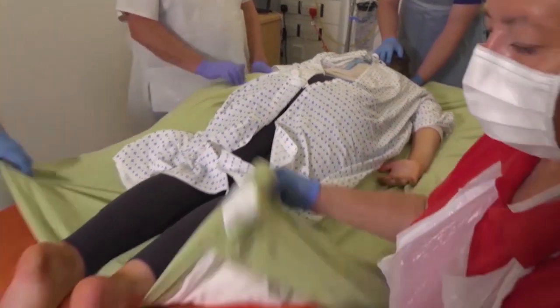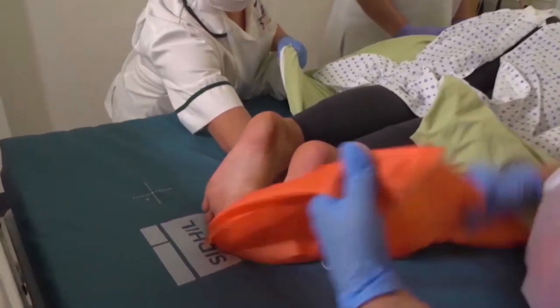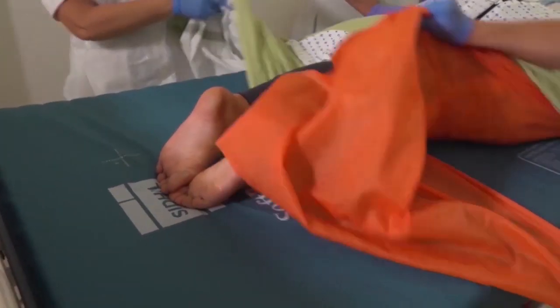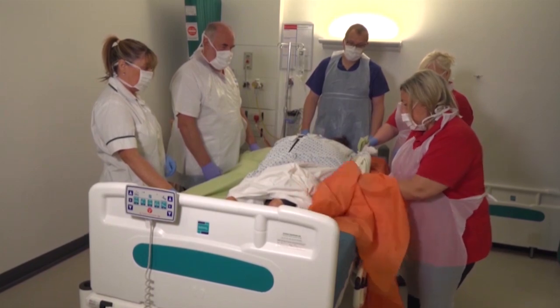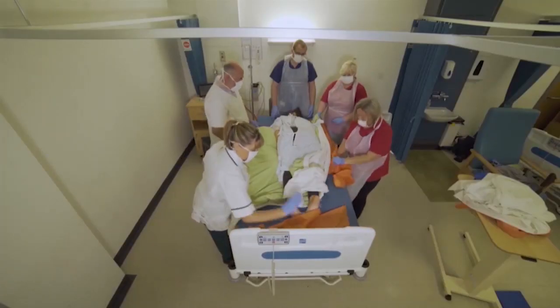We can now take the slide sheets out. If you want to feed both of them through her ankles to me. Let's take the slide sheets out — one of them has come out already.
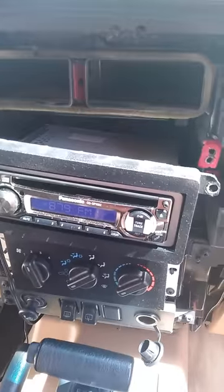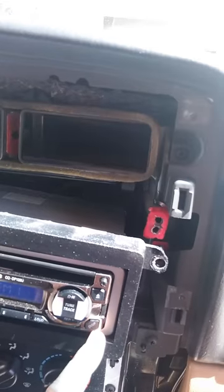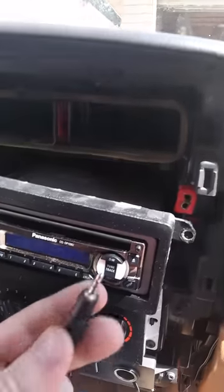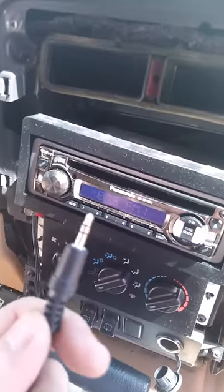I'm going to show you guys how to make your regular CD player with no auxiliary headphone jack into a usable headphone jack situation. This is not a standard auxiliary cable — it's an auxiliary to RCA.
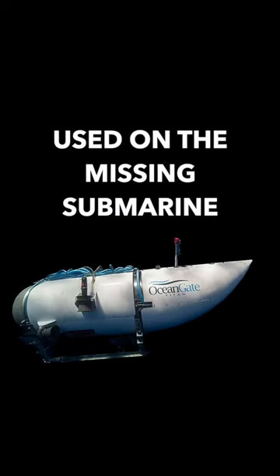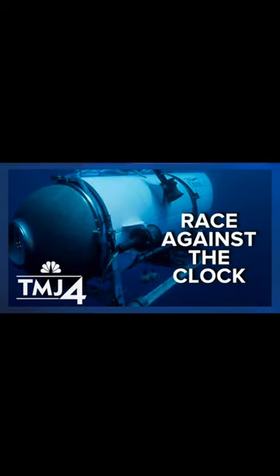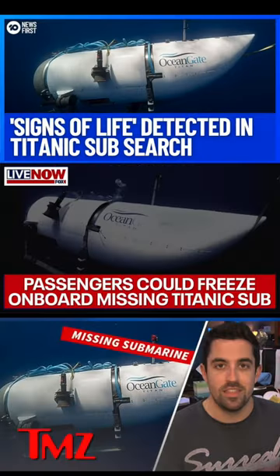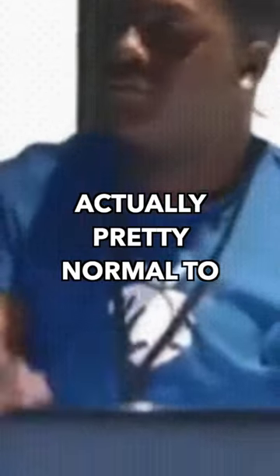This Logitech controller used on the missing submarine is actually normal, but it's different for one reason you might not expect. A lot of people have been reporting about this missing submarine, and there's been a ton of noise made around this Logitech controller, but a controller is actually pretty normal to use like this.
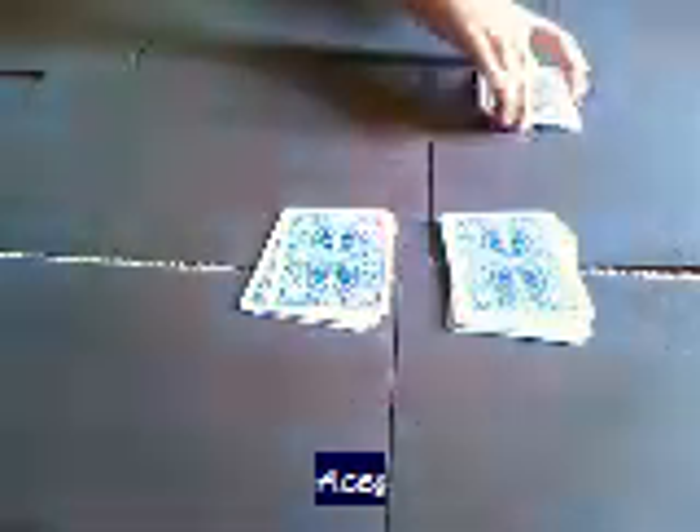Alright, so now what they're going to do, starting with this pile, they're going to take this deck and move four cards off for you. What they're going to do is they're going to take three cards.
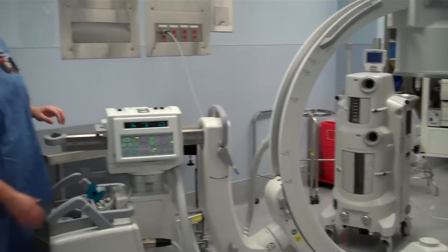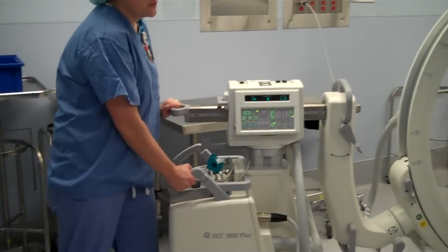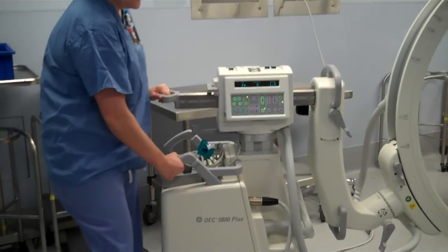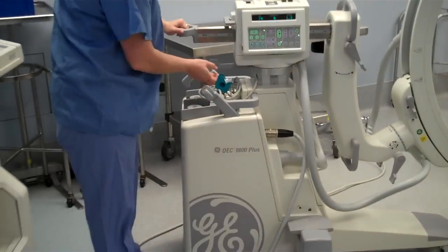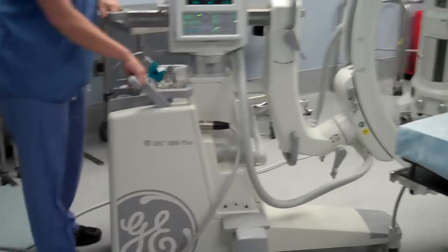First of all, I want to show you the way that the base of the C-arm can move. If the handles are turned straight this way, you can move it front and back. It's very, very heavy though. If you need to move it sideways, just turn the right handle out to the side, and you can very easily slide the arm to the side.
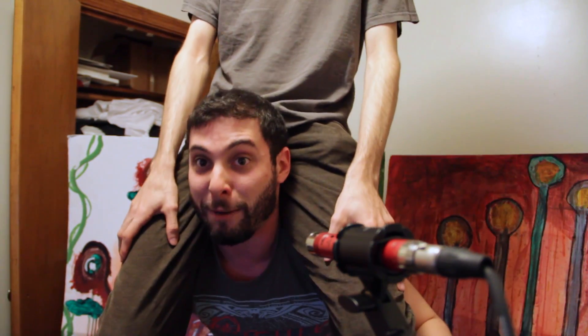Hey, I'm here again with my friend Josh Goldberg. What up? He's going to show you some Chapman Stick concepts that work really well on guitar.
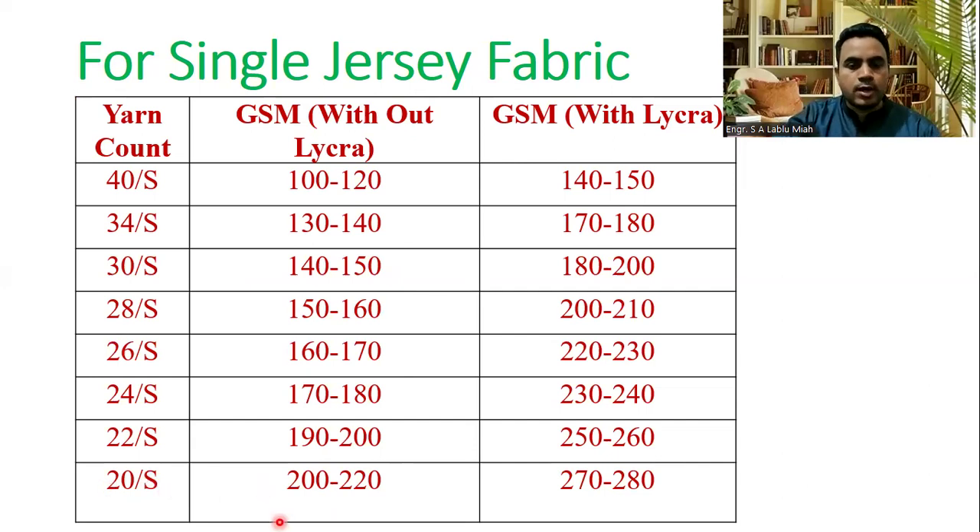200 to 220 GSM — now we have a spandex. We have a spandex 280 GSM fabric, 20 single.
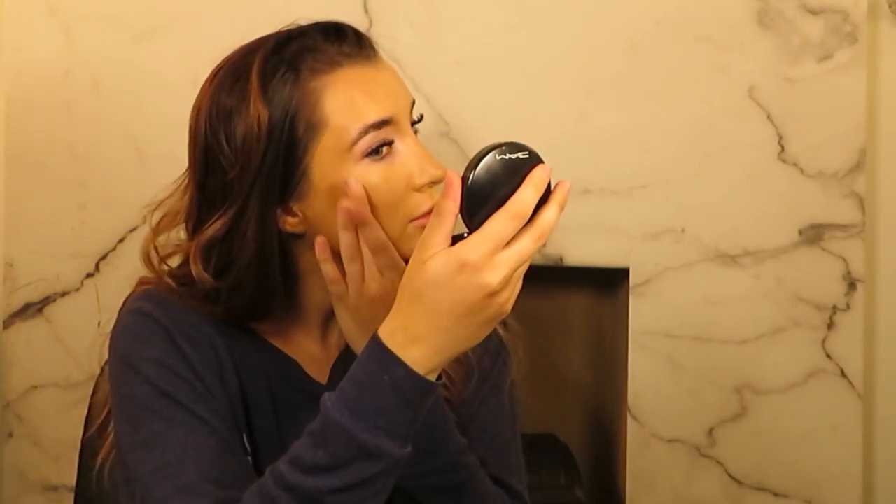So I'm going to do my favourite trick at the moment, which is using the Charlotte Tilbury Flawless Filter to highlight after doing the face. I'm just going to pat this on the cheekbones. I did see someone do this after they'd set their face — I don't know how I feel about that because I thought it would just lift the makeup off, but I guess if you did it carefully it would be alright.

::::::::::

TO DO: From the line containing "I'm going to show" through the line containing "Alright, so now", copy every line above exactly, without pictures.

WRITTEN RESPONSE:
I'm going to show you guys how to make your regular CD player with no auxiliary headphone jack into a usable headphone jack situation. This is not a standard auxiliary cable — it's an auxiliary to RCA.
This Logitech controller used on the missing submarine is actually normal, but it's different for one reason you might not expect. A lot of people have been reporting about this missing submarine, and there's been a ton of noise made around this Logitech controller, but a controller is actually pretty normal to use like this.
Alright, so now what they're going to do, starting with this pile, they're going to take this deck and move four cards off for you. What they're going to do is they're going to take three cards.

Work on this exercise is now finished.